Modern battlefields are increasingly characterized by complex electromagnetic environments (EME), posing significant challenges to unmanned aerial vehicle (UAV) operational effectiveness.

To address this issue, this study aims to quantitatively evaluate how complex EME affects UAV operational effectiveness using a multi-level framework, incorporating defined key metrics including anti-jamming capability verification.

A three-tier evaluation model was developed, incorporating EME complexity, subsystem performance, and operational capabilities. EME complexity was characterized by four metrics weighted via AHP. Critical subsystem indicators—such as communication reliability and navigation accuracy—and operational capabilities like mission execution and anti-jamming performance were causally mapped within an environment-effectiveness mapping. This mapping enabled the model to be normalized and integrated using sensitivity coefficients, and stochastic jamming scenarios were simulated in MATLAB to validate the approach.
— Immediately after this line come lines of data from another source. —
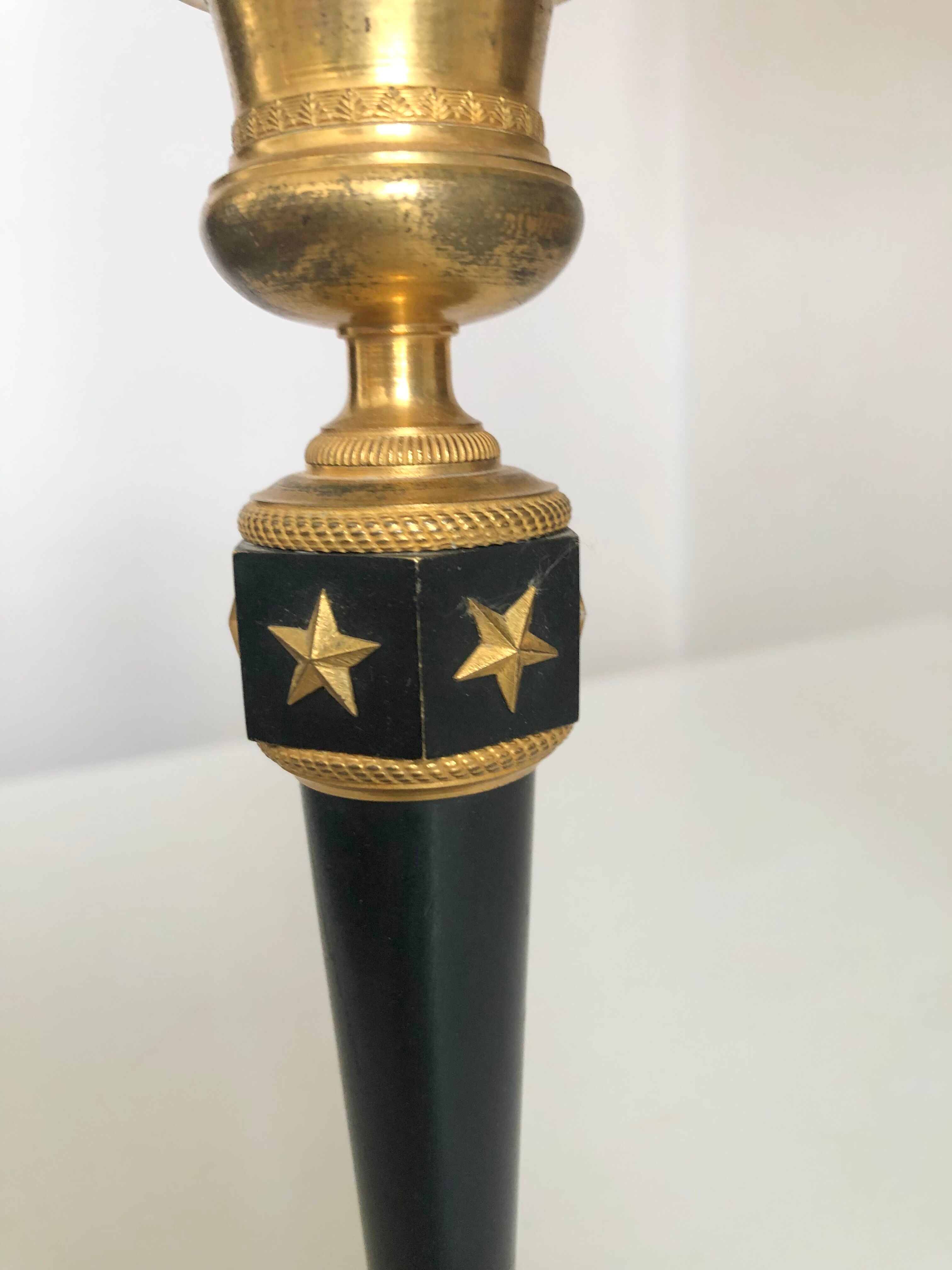 Pair of bronze candle holders empire era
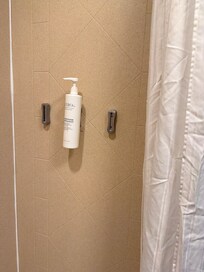 This bathroom is missing amenities that were supposed to be provided. This is a picture of some conditioner that was left behind.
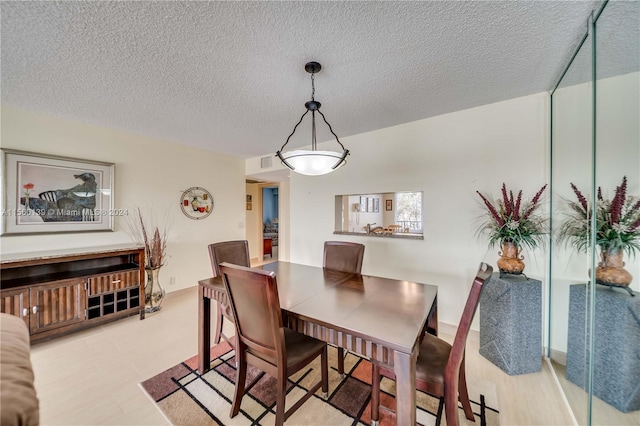 dining room with light tile flooring and a textured ceiling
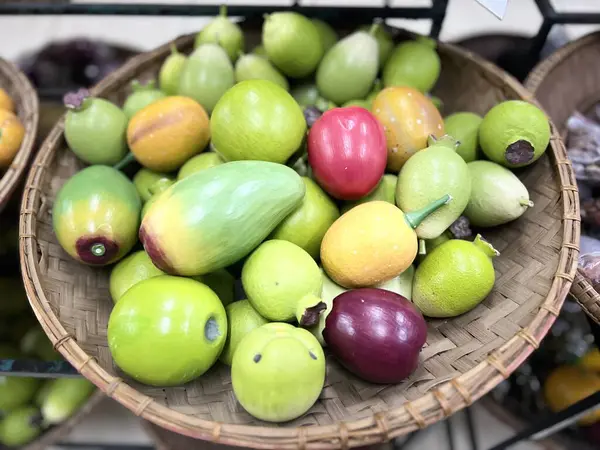 Mango, elma ve guava gibi oyuncak meyveler dokuma bambudan yapılmış bir kabın üzerine konur.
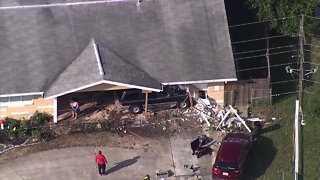 SUV into Pasco home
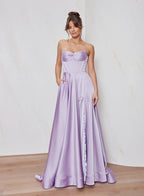 Woman wearing a strapless lavender gown with a plain background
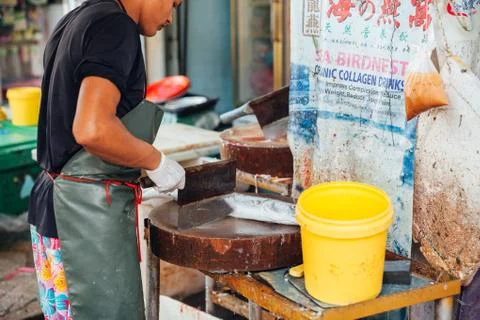 Man prepare the fish for sale Stock Photos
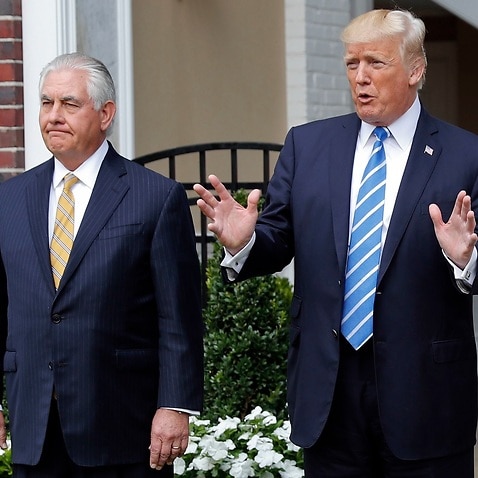 President Donald Trump with Secretary of State Rex Tillerson, left, speaks to members of the media following their meeting at Trump National Golf Club in August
The results demonstrated a distinct negative exponential relationship between EME complexity and operational effectiveness. Performance declined progressively with intensified EME, but notably, UAVs equipped with advanced anti-jamming systems maintained higher effectiveness under identical conditions.

This study confirms the critical importance of anti-jamming technologies in preserving UAV combat capability in complex EME; the proposed evaluation framework offers practical insights for developing robust UAV systems suited to contested electromagnetic spectra.